Domingo 23 de febrero de 1986

 

1. "Yo reconozco mi culpa, / tengo siempre presente mi pecado" (Sal 50/51, 5).

Muchas generaciones han caminado sobre las huellas marcadas por las palabras de este Salmo. Muchas personas han sido ayudadas por este maravilloso escrito de la verdad interior de la conciencia, a penetrar en su interior. Fueron ayudadas a llamar por su verdadero nombre al mal que hay en el hombre y cuya causa es el hombre.

El examen de conciencia es siempre una relectura de la verdad más profunda sobre sí mismo, que nunca debe borrarse. La grandeza del hombre está en esta verdad. La dignidad de la persona exige que el hombre sepa llamarla por su nombre, que no la falsifique.

2. Y cuando el hombre ―juntamente con el Salmista― confiesa: "tengo siempre presente mi pecado", reconoce, a la vez, que la fuerza misma de la verdad interior le manda ir adelante y decir: "contra ti pequé".

El pecado es contra Dios. Es contra su voluntad y su santidad. No está conforme con ella y ofende a Dios. Y simultáneamente es un drama que se desarrolla entre Dios y el hombre.

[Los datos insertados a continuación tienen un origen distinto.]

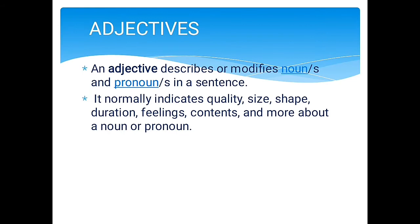Adjectives. An adjective describes or modifies nouns and pronouns in a sentence. It normally indicates quality, size, shape, duration, feelings, contents, and more about a noun or a pronoun. When we say adjectives, these are the words that describe our noun and pronoun. They give us information about people, things, and ideas about nouns or pronouns.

El pecado no le resulta indiferente a Dios. De esto quedó convencido ya el primer hombre, como atestigua la narración del libro del Génesis. Y de esto quedan convencidas siempre las nuevas generaciones de los hijos e hijas de Adán.

El hombre puede intentar hacerse "indiferente" con relación al pecado. Puede tratar de "neutralizar" el pecado como constatamos con frecuencia que sucede en el mundo contemporáneo. Sin embargo, el pecado jamás resultará "indiferente" para Dios. Dios es "sensible" al pecado, hasta la cruz de su Hijo en el Gólgota.

Es preciso, pues, que cada uno de nosotros retorne con frecuencia a estas palabras del Salmista: "Contra ti pequé". Entonces precisamente se manifestará toda la verdad sobre el pecado.

El pecado no termina en los límites de la conciencia humana, no se cierra en ella. Por definición intrínseca implica una referencia: la referencia a Dios.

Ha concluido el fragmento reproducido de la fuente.